Delivering the GOP response to Biden’s State of the Union from her own kitchen table, the first-term senator laid into the president for the border, crime, the economy and his work on the international stage.
“President Biden just doesn’t get it. He’s out of touch. Under his administration, families are worse off, our communities are less safe and our country is less secure,” she said from her home in Montgomery, Ala. “I just wish he understood what real families are facing around kitchen tables just like this one.”
Britt, the youngest woman in the Senate, also took direct aim at Biden’s age, which has become a sore spot for Democrats, and said he was not physically or mentally up to leading the country for four more years.
“Right now, our commander in chief is not in command,” Britt said. “The free world deserves better than a dithering and diminished leader. America deserves leaders who recognize that secure borders, stable prices, safe streets, and a strong defense are the cornerstones of a great nation.”
“There is no doubt we’re at a crossroads, and it doesn’t have to be this way. We all feel it. But here’s the good news: ‘We the People’ are still in the driver’s seat,” Britt said. “We get to decide whether our future will grow brighter, or whether we’ll settle for an America in decline. Well, I know which choice our children deserve — and the choice the Republican Party is fighting for.”
The contrast between the 42-year-old Britt and 81-year-old Biden was one her Republican colleagues hoped would be apparent.
The speech marked the grand entrance on the national stage for Britt, who has largely kept out of the spotlight since winning her seat in 2022. The former chief of staff to former Sen. Richard Shelby (R-Ala.) was added to McConnell’s leadership team last year and has a seat on the Appropriations Committee, which her former boss once chaired.
Senate Minority Leader Mitch McConnell (R-Ky.) said days earlier that he and Speaker Mike Johnson (R-La.) recommended her to deliver the rebuttal because they believed she would be “particularly effective” in laying out the case against the president.
And she tried to lean into that role Thursday.
“Tonight, the American family needs to have a tough conversation, because the truth is, we’re all worried about the future of our nation. The country we know and love seems to be slipping away. It feels like the next generation will have fewer opportunities — and less freedom — than we did. I worry my own children may not even get a shot at living their American dreams.”
But her speech got mixed reviews.
The State of the Union response is widely considered a thankless task, and many lawmakers before Britt had stumbled.
While political-watchers acknowledged she was a rising star in the GOP, some questioned the setting and the delivery.
Former Trump White House aide and current CNN pundit Alyssa Farah Griffin called the staging in Britt’s kitchen “bizarre.”
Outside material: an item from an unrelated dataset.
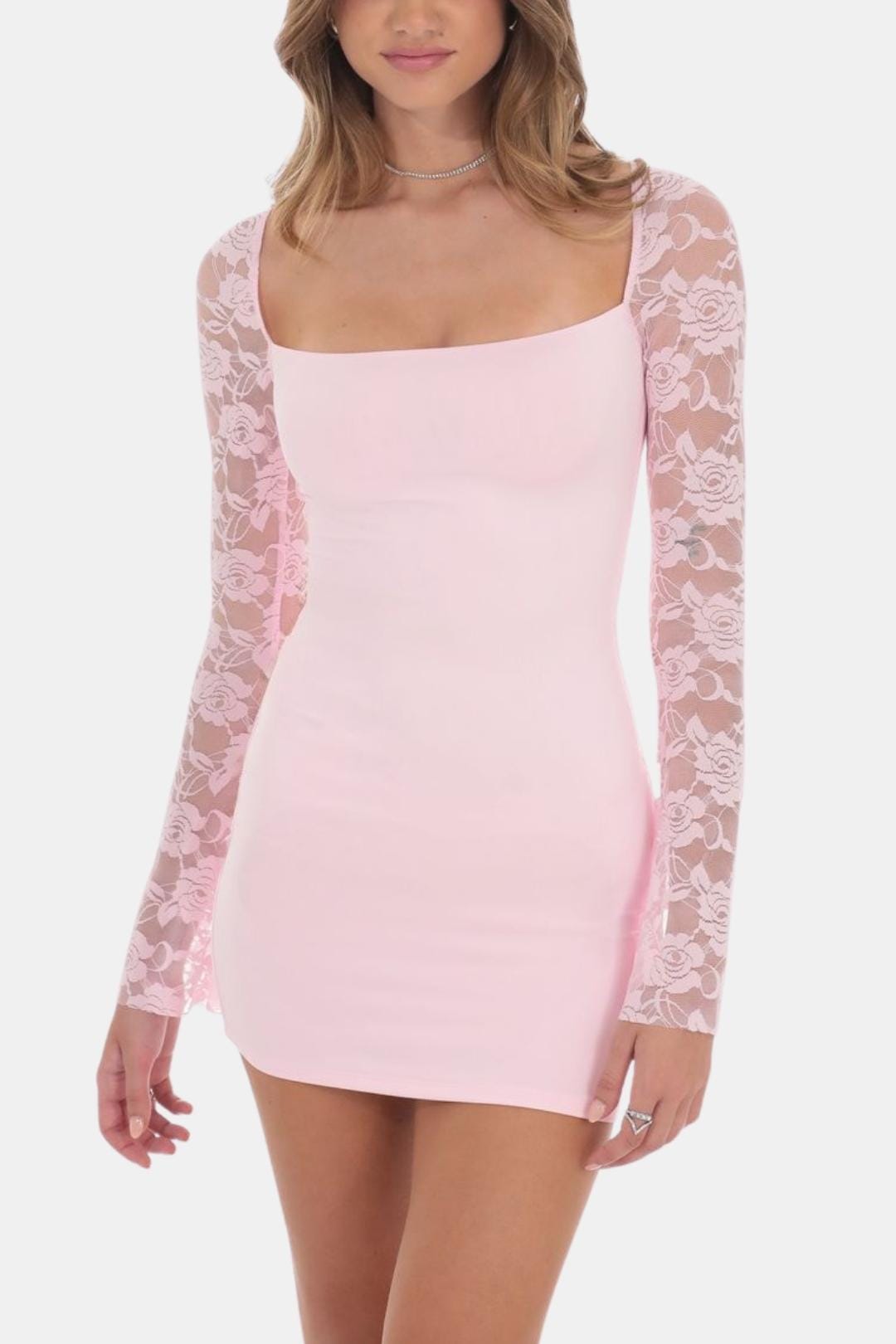 Maribel | Sexy Mini Bodycon Dress Kanten Look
“Women can be both wives and mothers and also stateswomen,” she said. “So to put her in a kitchen, not in front of a podium or in the Senate chamber where she was elected where she won a very hard-fought race, I felt fell very flat and was confusing to some women watching it.”
And Rep. Brendan Boyle (D-Pa.) called it “the worst overacting since Ishtar.”
The White House also heaped criticism on her 17-minute long speech over her opposition to the bipartisan border deal that Republicans rejected last month and pointed to her home state’s role in the in vitro fertilization (IVF) debate.
“Last month, Senator Britt sided against President Biden, the Border Patrol Union, and the U.S. Chamber of Commerce by opposing the toughest bipartisan border deal in modern history – instead voting with fentanyl traffickers,” White House spokesperson Andrew Bates said.
“What’s more, because an extreme Supreme Court decision overturned Roe v. Wade and set American women back nearly 50 years — with Senator Britt’s support — women across Alabama were just cut off from IVF treatment and dreams of growing their families,” Bates added.